Friday, March 4, 2011

Petty & Bills

I don't know how many people do this, but Brittni and I have a couple different checking accounts. All of them are joint, but each serves a different purpose.


Our Process

Every week we get paid, and our paycheck is deposited into our primary checking account: Petty Cash. From this account we transfer individual amounts needed to fulfill recurring payments and checks into our Bills account. For example, if I know my on of our bills, lets say our Energy bill, is $200 this month, I transfer $200 from my Petty Cash account into our Bills account and the Gas/Electric company deducts the amount from there.

Why We Transfer Individual Amounts

I've found that it's a lot easier to track where your money goes if you transfer individual bill amounts instead of just one lump sum for all the bills you need to cover. For example, knowing my Energy bill is $200 and my Car Payment is $300, I would not transfer $500 because looking at a $500 transfer on a bank statement doesn't give me a clue as to what this money is for. In contrast, a transfer of a familiar amount on your bank statement (such as $300 for a car payment every month) immediately lets to know why that money was transferred and where it's going.

This also helps when the funds get withdrawn by the biller. Using my Energy bill example again, if you put $200 into the Bills account you expect to see a $200 deduction at some point in the future. Money in..., then money out.
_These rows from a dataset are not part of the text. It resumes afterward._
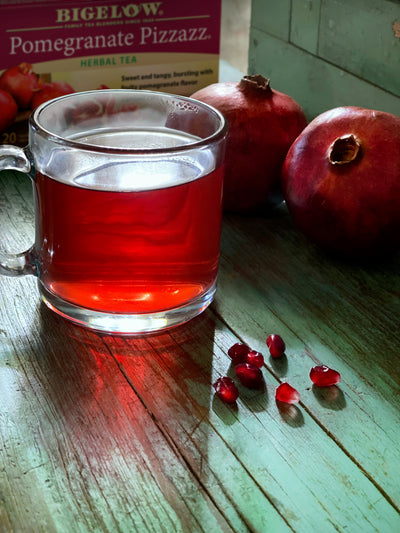 Cup of Pomegranate Pizzazz Herbal Tea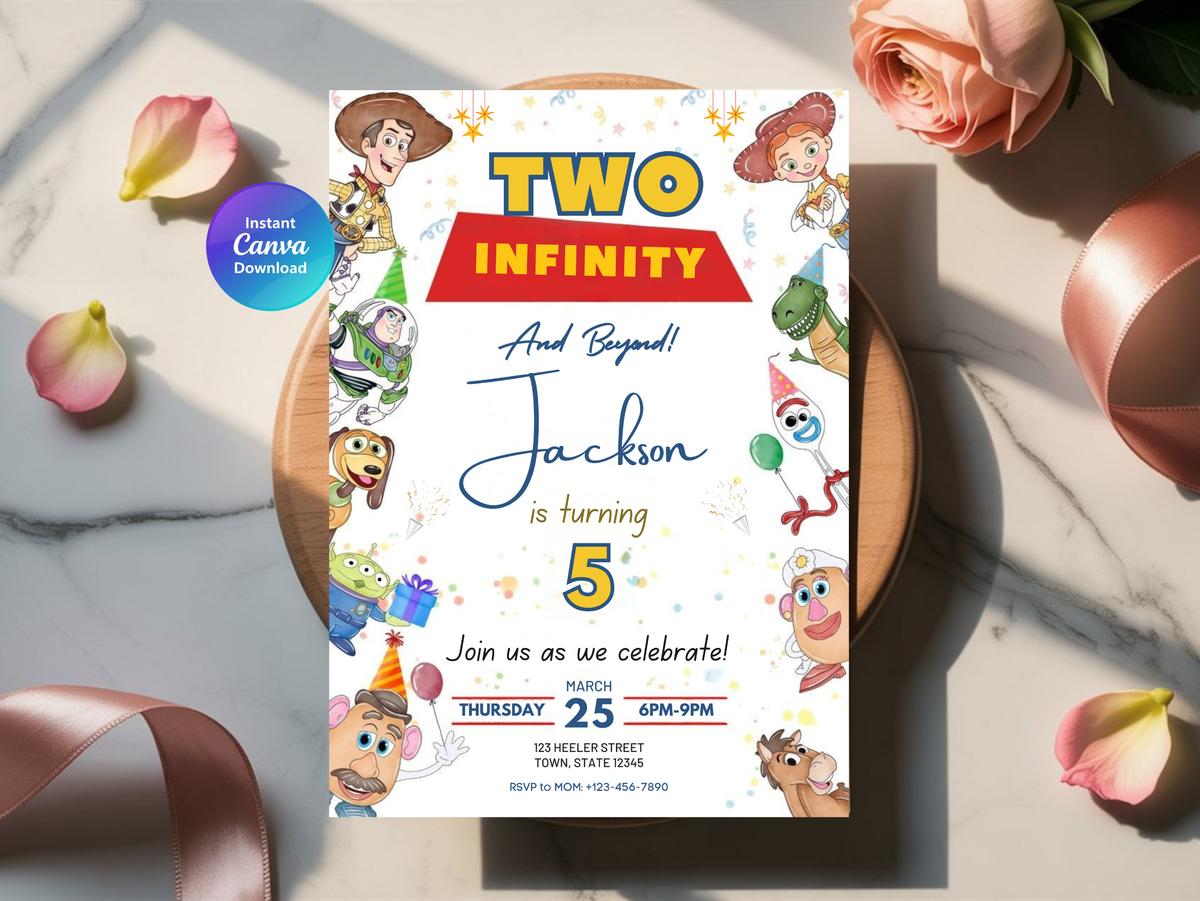 Two Infinity and Beyond Birthday Invitation | Canva
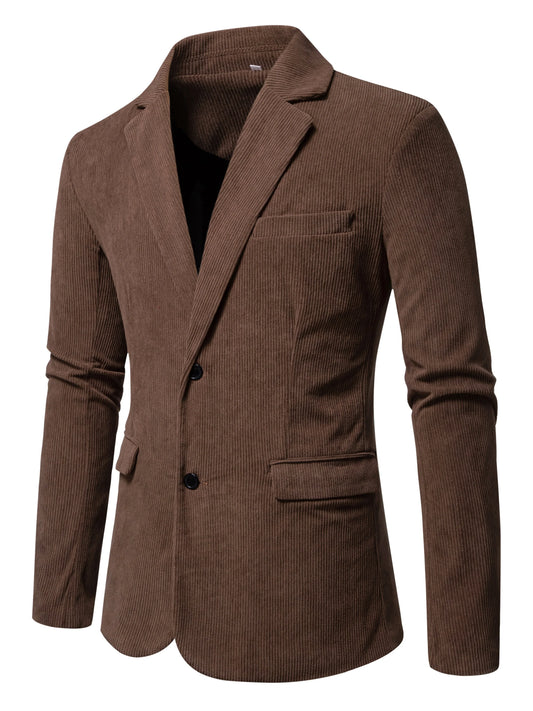 Men's Spring and Autumn New Leisure Fashion Commuter Solid Color Double Button Corduroy Jacket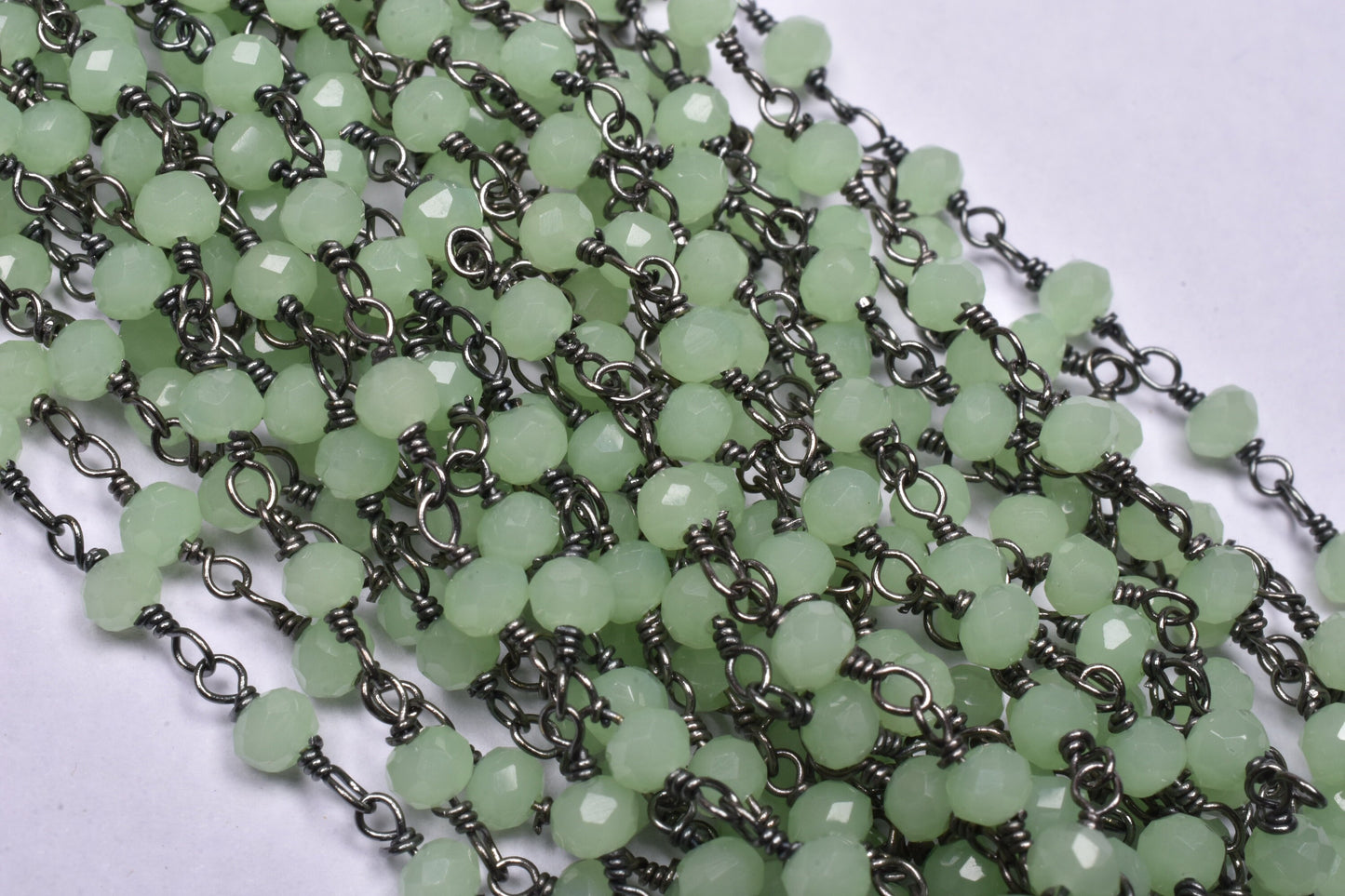 3,5,10,25 Feet,Aqua Quartz Rondelle Faceted Hydro Beaded Rosary Chain,Black Metal Plated Wire,Jewelery Making,Finding, Size 3-3.5 mm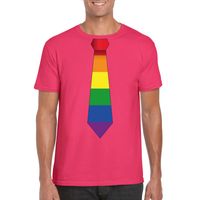 Roze t-shirt met regenboog vlag stropdas heren - thumbnail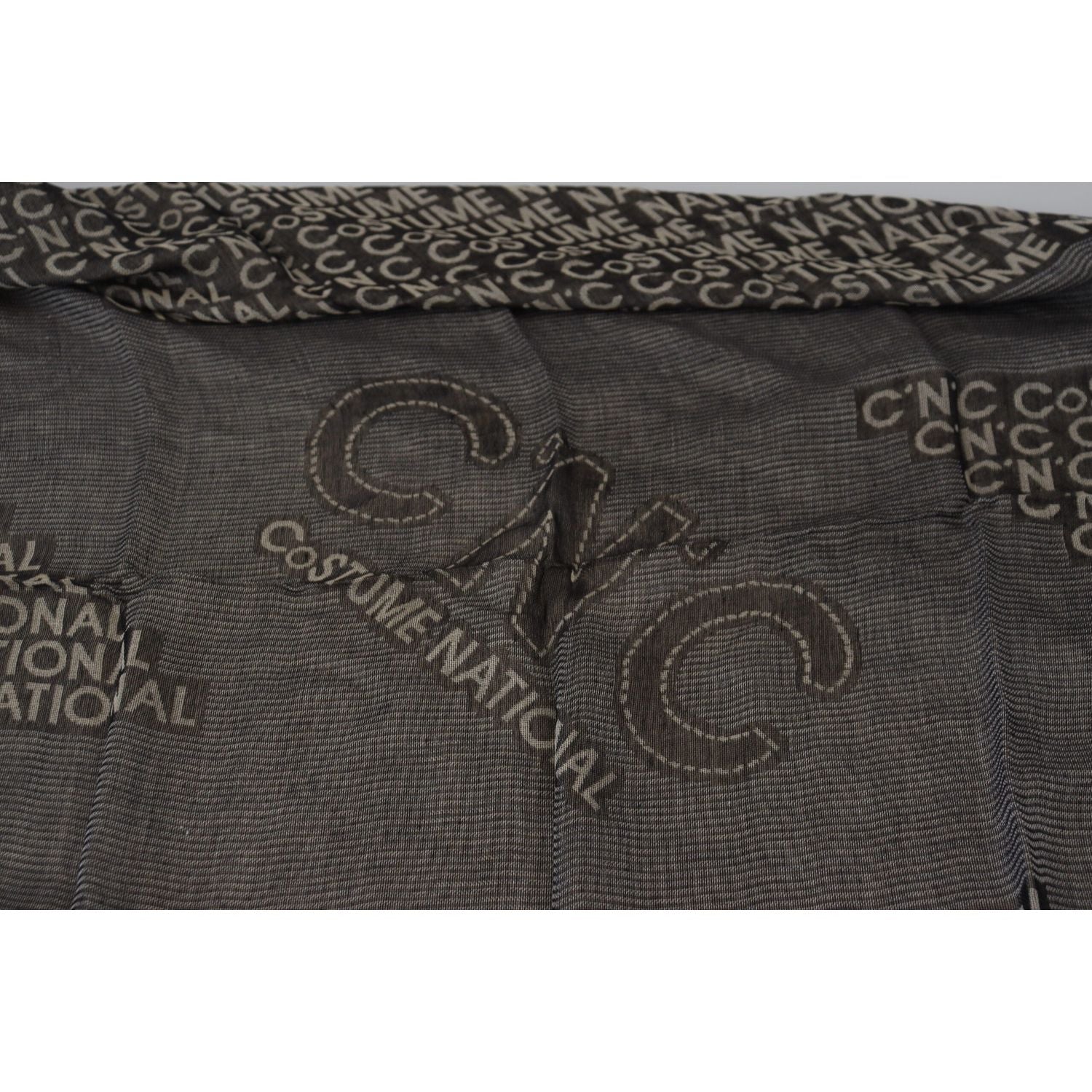 Costume National Gray Logo Knit Neck Wrap Shawl Scarf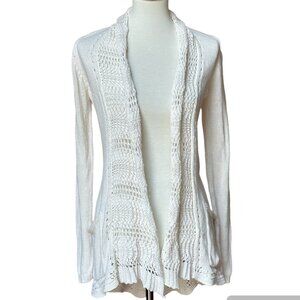 Anthropologie Angel of the North Crochet Cardigan Cream XS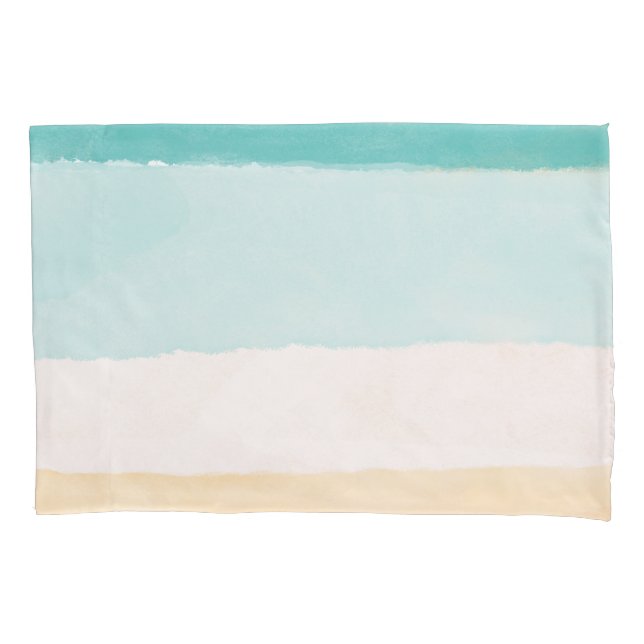 Beach Watercolor Pillow Case (Front)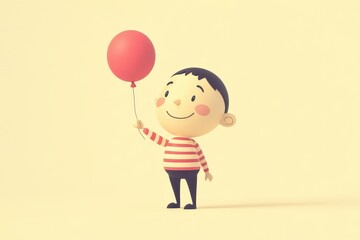 Happy Boy Holding a Red Balloon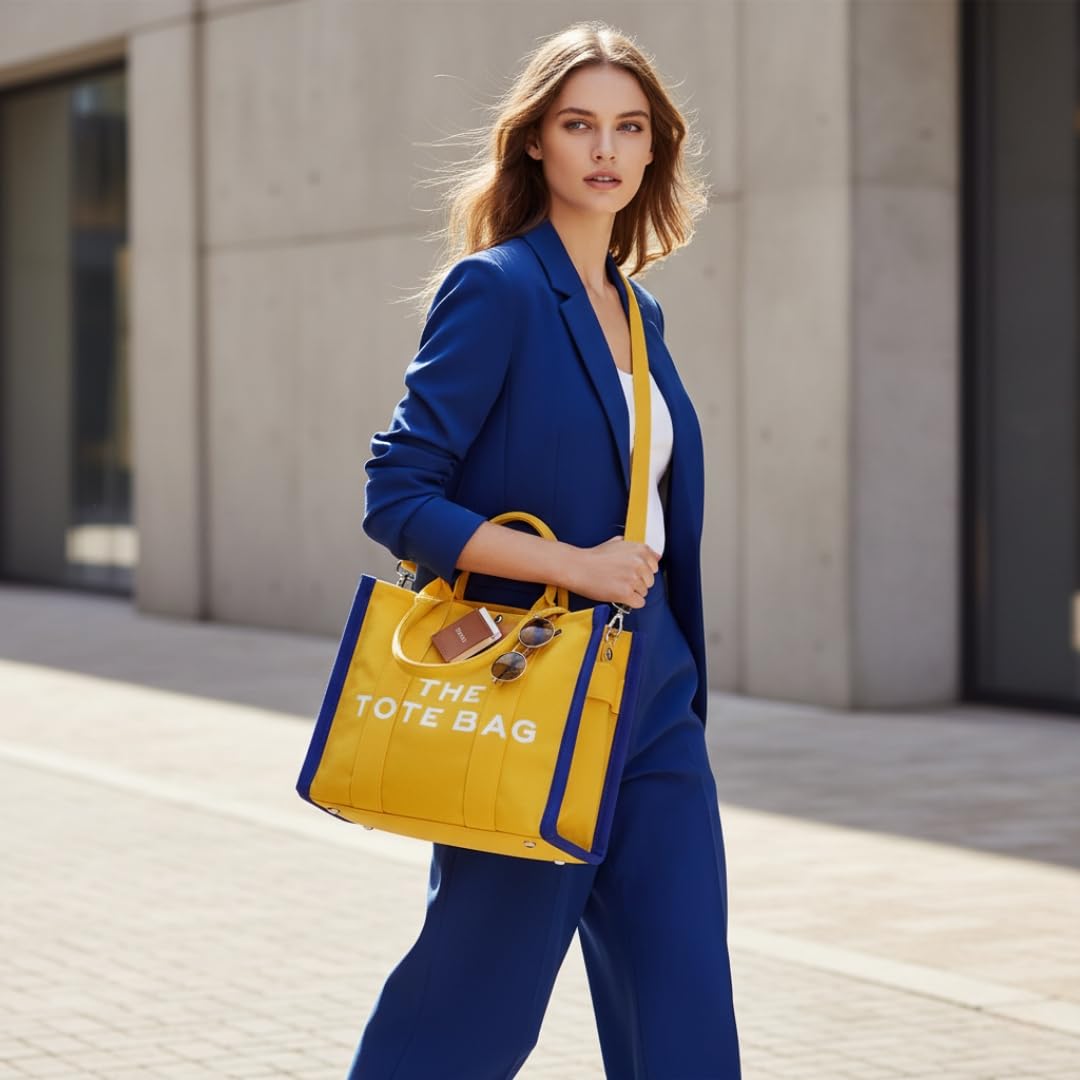 MAIRO LIFESTYLE Women Canvas The Tote Bag with Zipper Small Purse Crossbody Bag Top Handle Traveler Handbag (Yellow with Blue edge)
Makes your statements look much less foreign as you can identify each transaction just by recognizing the amount. 


Also, the fact that you can add Memos to your transfers (at least, at my bank you can) give you a really good idea of where you money is going or where it went.


Why We Have A Separate Account For Bills

Call me "New Age", but I think checks are just so "Old School". I can't tell you how annoyed I used to get when people/businesses took months to cash/deposit a check I sent them. Especially when you have multiple checks out there waiting to be deposited, it makes it really difficult to know how much money you actually have in your account. Of course, if I actually had a check book (I don't, all my checks are sent via my bank's Bill Pay) I could do that balancing thing my Mom used to do, but I never got into that. It's 2011 for goodness sake... pencil and paper, really?!

Anyway, when you have a separate account that is JUST for the checks you wrote or the automatic withdrawals from billers, whatever you have left in the OTHER account (ours is called Petty Cash) is the money you really have to spend on non-bill things (like groceries, gas, entertainment, etc.) or adding to your debt snowball. AND you are never deceived into thinking you have more money at your disposal than you really do; once you transfer the money to your Bills account, consider it gone. Lastly, this also protects you from buying non-bill things (like groceries or gas) with the money you intended to use to pay bills.

Now when you look at your Petty Cash account and you see it's nearing $0, you know you're really running out of money. In the same situation, but with a joint Bills + Petty Cash account, you could be nearing $0 of your spendable money, but the account may have still have $1000; only problem is, you have to remember you can't spend that money because you either wrote checks for that amount or your billers will be withdrawing some of that.

The Question

Having a separate accounts for Bill Payments and Checks has worked for me for a long time (about 8 years) but I'm wondering what other methods people use to keep track of money for Checks & Auto-Withdrawn Bills, and money for your debt snowball or other non-bill items.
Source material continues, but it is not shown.